Recientemente Lucio Brunelli ha contado la historia de Cejka Stojka, una romaní austriaca de fe católica que de pequeña conoció el infierno de los campos de concentración nazis (leer aquí). Una mujer extraordinaria. El periodista la conoció en San Pedro en junio de 2012, durante una audiencia del pueblo nómada con Benedicto XVI.

A las preguntas de Brunelli ella le mostró su brazo: «Tenía 9 años, era una niña, me marcaron como uno de los caballos que mi padre vendía en las ferias».

En el campo de concentración murieron su padre y decenas de familiares. Ella sobrevivió con su madre y algunas hermanas.

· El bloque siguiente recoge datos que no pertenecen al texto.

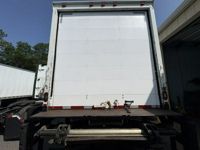 2017 Freightliner M2 106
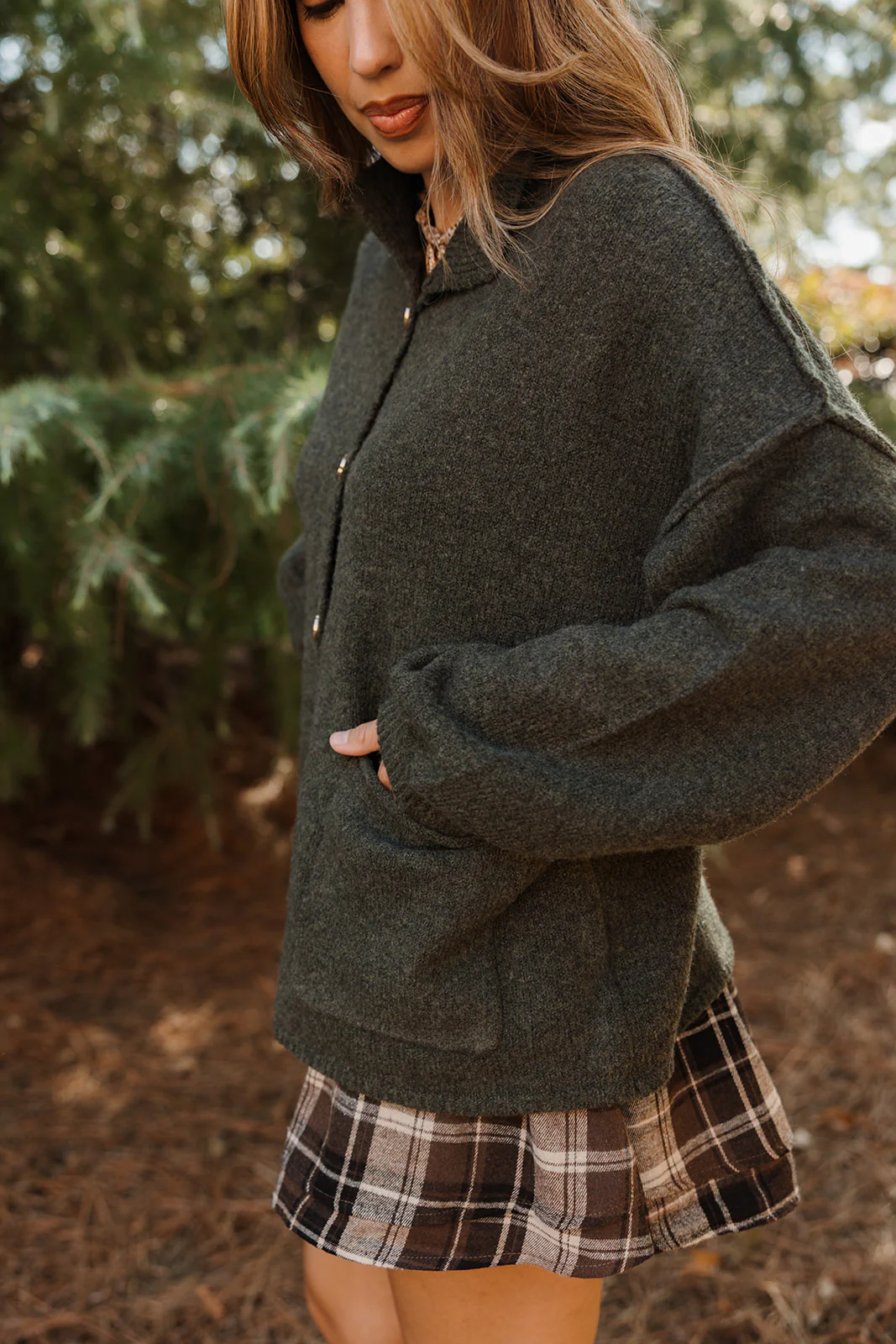Tiffany Olive & Gold Button Cardigan - Image 4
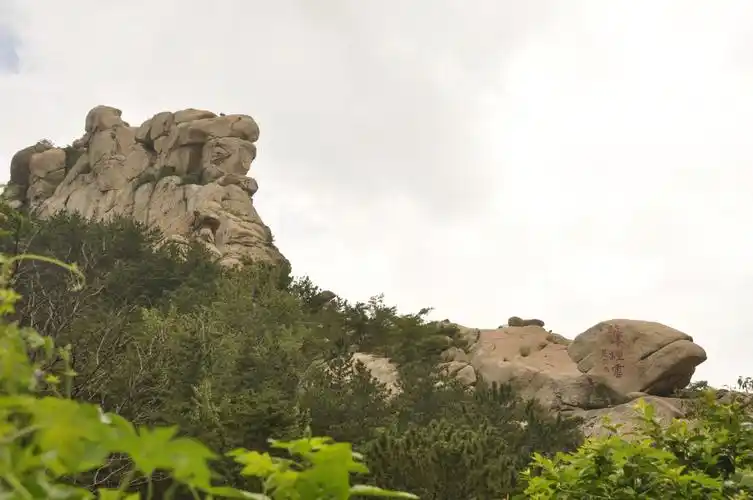 骆驼石位于外三水对面山峰.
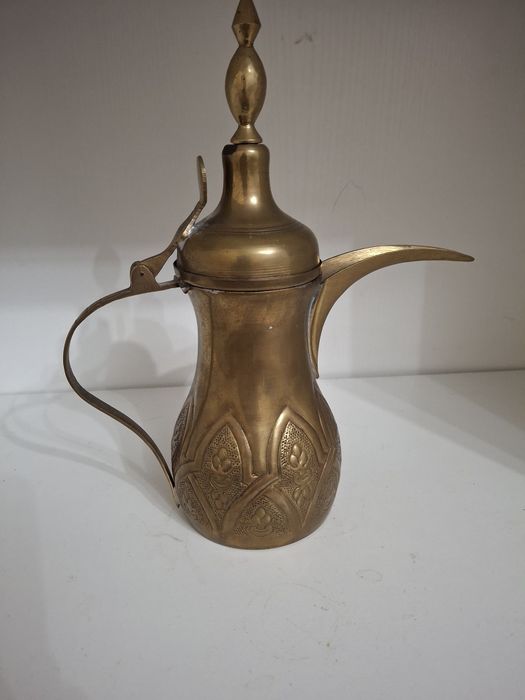 Продам  кофейник арабский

Cuenta que «la colina de los muertos -una pila de miles de cadáveres- se había convertido para ella en la única protección del gélido viento invernal». Estando allí «le dábamos la vuelta a los muertos para que no yaciesen boca abajo, para que su rostro no mirase a la tierra, sino hacia arriba, hacia Dios».

Ella y su madre a veces comían tierra, hojas y tela de los trajes de los muertos. «Cuando llegaron los soldados británicos», escribe Brunelli, «no creían lo que veían…, un escenario así no se lo imaginaban ni siquiera en el infierno. ‘Muchos lloraban y nosotros -cuenta Cejka- les teníamos que consolar'».

Algunos de ellos pensaron en darle la posibilidad a los supervivientes de vengarse de sus verdugos. Uno de ellos casi le había partido una mano a la madre de Cejka, pero cuando se lo llevaron para que lo golpeara, la niña dijo: «‘No puedo, lo siento, no puedo’… Vi a ese soldado delante de mí, era joven. Tenía unos 28 ó 30 años, y se quedó absolutamente asombrado de que no le golpease. Puedo solo imaginar que en ese momento viese a Dios Nuestro Señor». 

Esa niña podía haberle dicho a cualquier soldado inglés que le disparara, pero no lo hizo: «Puede parecer extraño, pero yo sentía compasión también por los nazis. También ellos eran seres humanos».

Se habían olvidado de ello. La compasión de Cejka se lo hizo entender. Hay mucho sobre lo que llorar y reflexionar.

Publicado por Antonio Socci

Traducido por Verbum Caro para InfoVaticana

Ayuda a Infovaticana a seguir informando

Comentarios
3 comentarios en “El milagro de una mirada en la que se refleja Dios
  1. Perdonar da una indescriptible paz, cura del odio el corazón, es un gozo para el alma que así complace a Dios, es una prueba de amor incomparable.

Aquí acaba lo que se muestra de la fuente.